Problem description →
Copy, word for word, the lines below from the one containing "พื้นที่ขายปลีก ให้เช่าในWatthana, Bangkok" up to and including the one containing "A room with", with pictures left out.

Supplied entries →
================

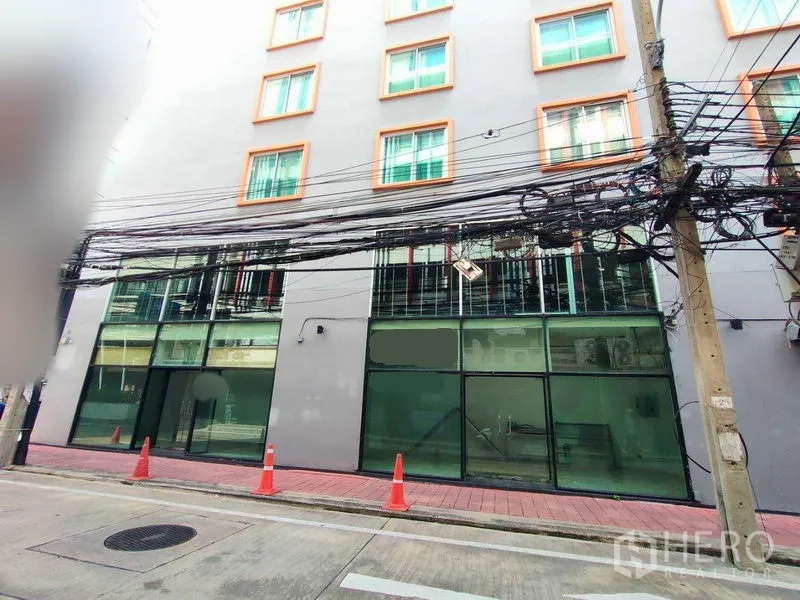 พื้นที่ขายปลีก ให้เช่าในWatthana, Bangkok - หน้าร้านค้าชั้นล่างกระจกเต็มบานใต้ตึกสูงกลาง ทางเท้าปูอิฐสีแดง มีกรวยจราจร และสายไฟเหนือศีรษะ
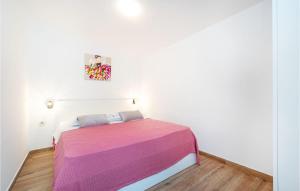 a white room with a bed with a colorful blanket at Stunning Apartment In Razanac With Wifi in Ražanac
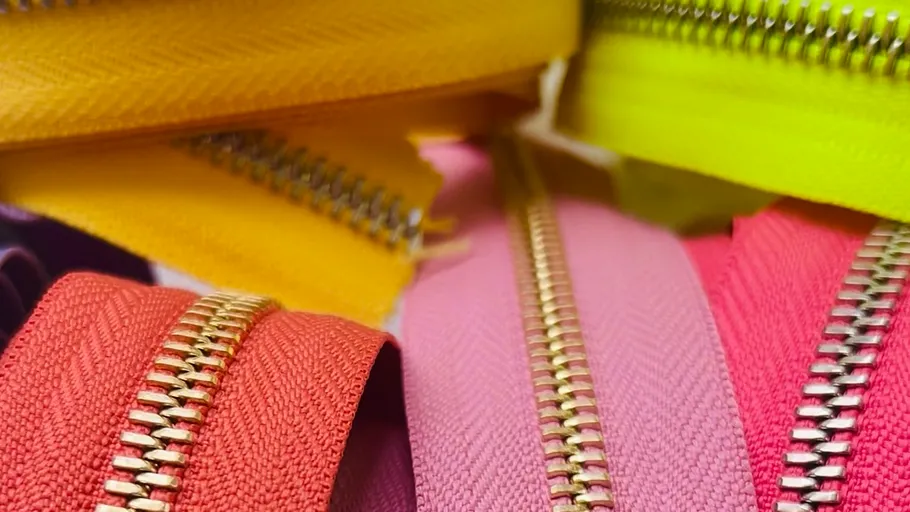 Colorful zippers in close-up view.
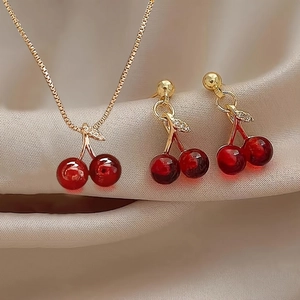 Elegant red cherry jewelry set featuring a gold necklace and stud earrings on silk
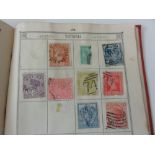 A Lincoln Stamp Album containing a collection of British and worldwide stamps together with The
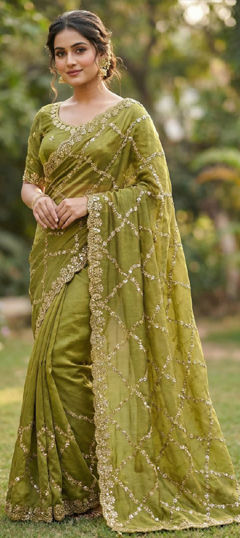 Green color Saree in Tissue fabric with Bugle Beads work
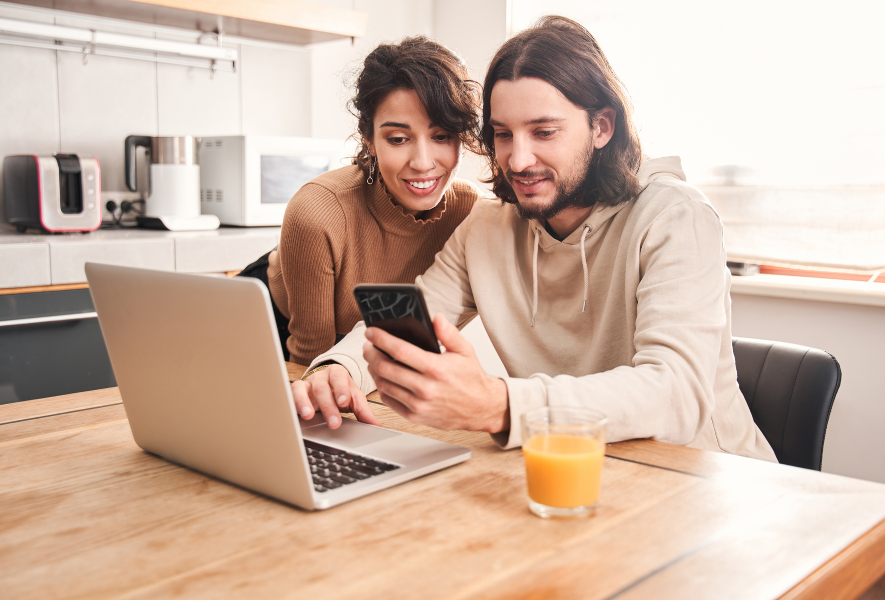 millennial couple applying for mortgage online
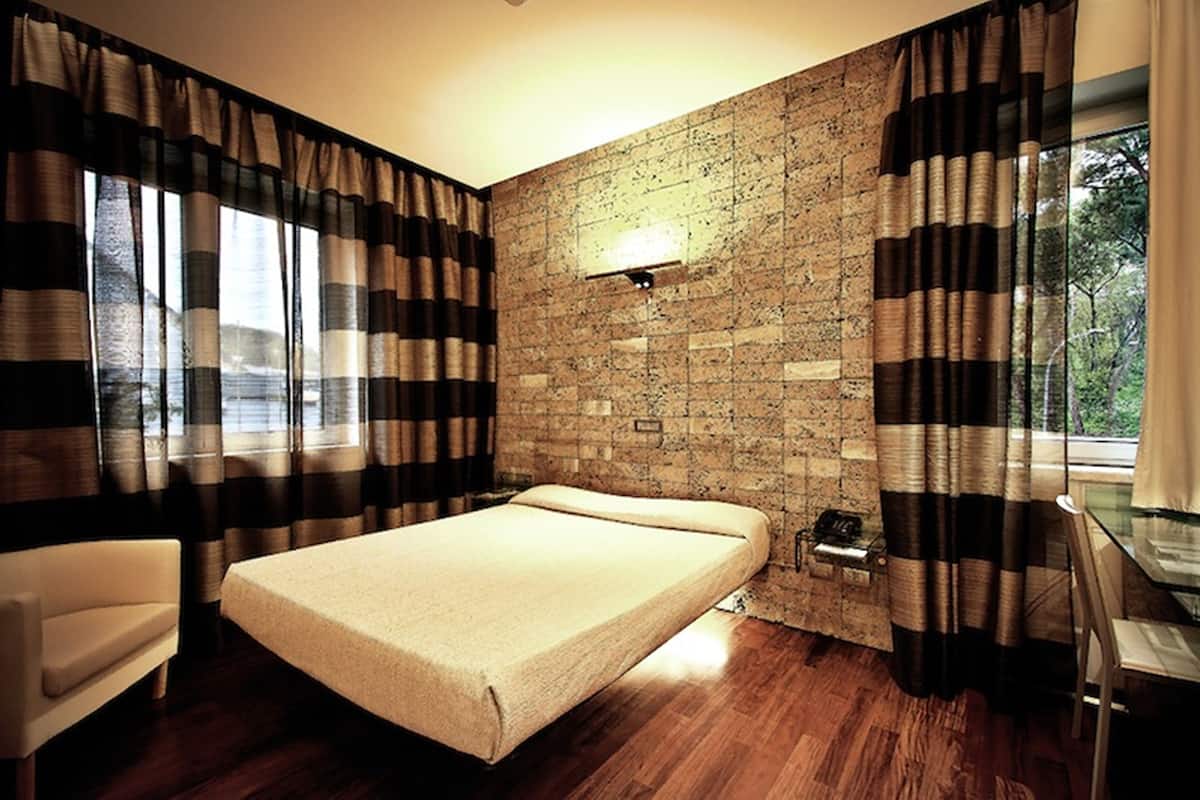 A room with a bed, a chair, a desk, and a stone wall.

================

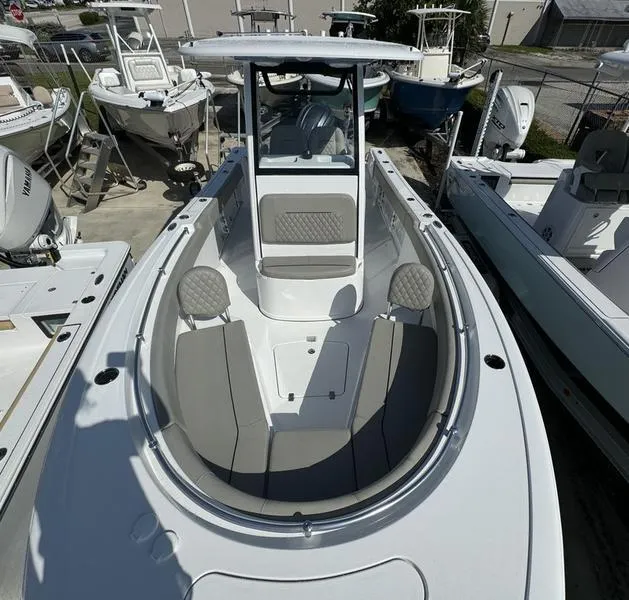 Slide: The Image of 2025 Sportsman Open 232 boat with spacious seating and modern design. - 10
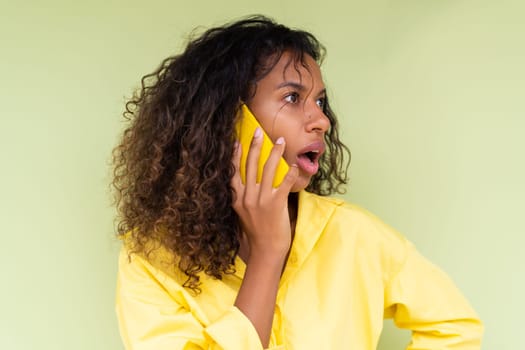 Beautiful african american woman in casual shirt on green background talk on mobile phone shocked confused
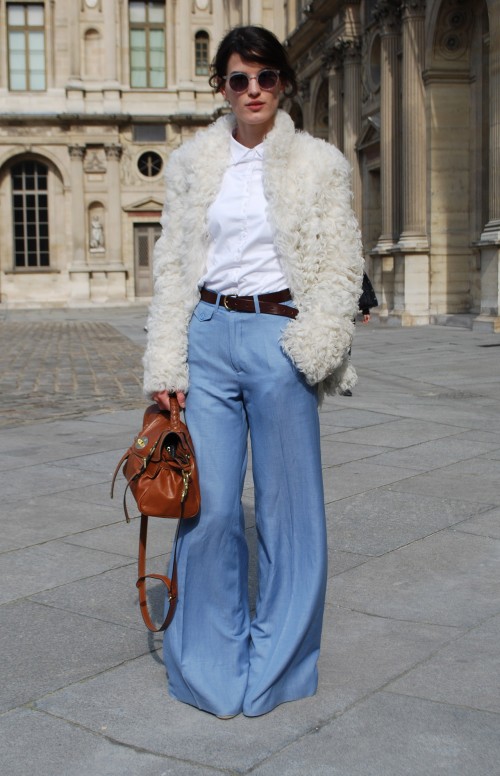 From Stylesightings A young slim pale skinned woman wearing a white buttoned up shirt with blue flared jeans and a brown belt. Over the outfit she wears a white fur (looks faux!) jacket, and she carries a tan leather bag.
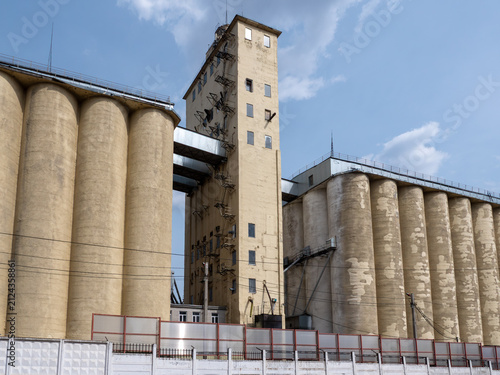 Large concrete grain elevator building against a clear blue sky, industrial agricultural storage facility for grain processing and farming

================

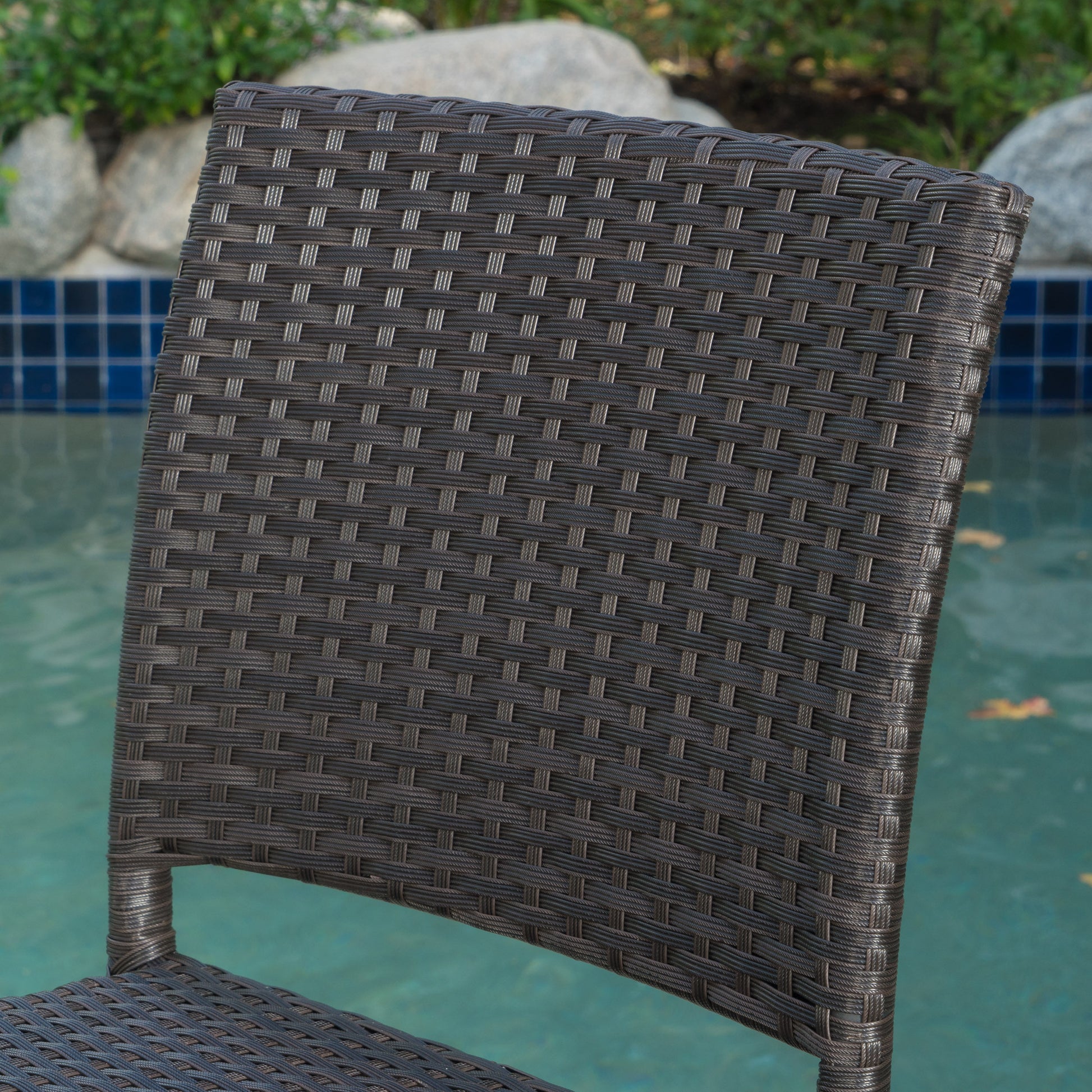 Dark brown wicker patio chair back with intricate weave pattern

================

Solution for this exercise →
 พื้นที่ขายปลีก ให้เช่าในWatthana, Bangkok - หน้าร้านค้าชั้นล่างกระจกเต็มบานใต้ตึกสูงกลาง ทางเท้าปูอิฐสีแดง มีกรวยจราจร และสายไฟเหนือศีรษะ
 a white room with a bed with a colorful blanket at Stunning Apartment In Razanac With Wifi in Ražanac
 Colorful zippers in close-up view.
 Elegant red cherry jewelry set featuring a gold necklace and stud earrings on silk
 A Lincoln Stamp Album containing a collection of British and worldwide stamps together with The
 Green color Saree in Tissue fabric with Bugle Beads work
 millennial couple applying for mortgage online
 A room with a bed, a chair, a desk, and a stone wall.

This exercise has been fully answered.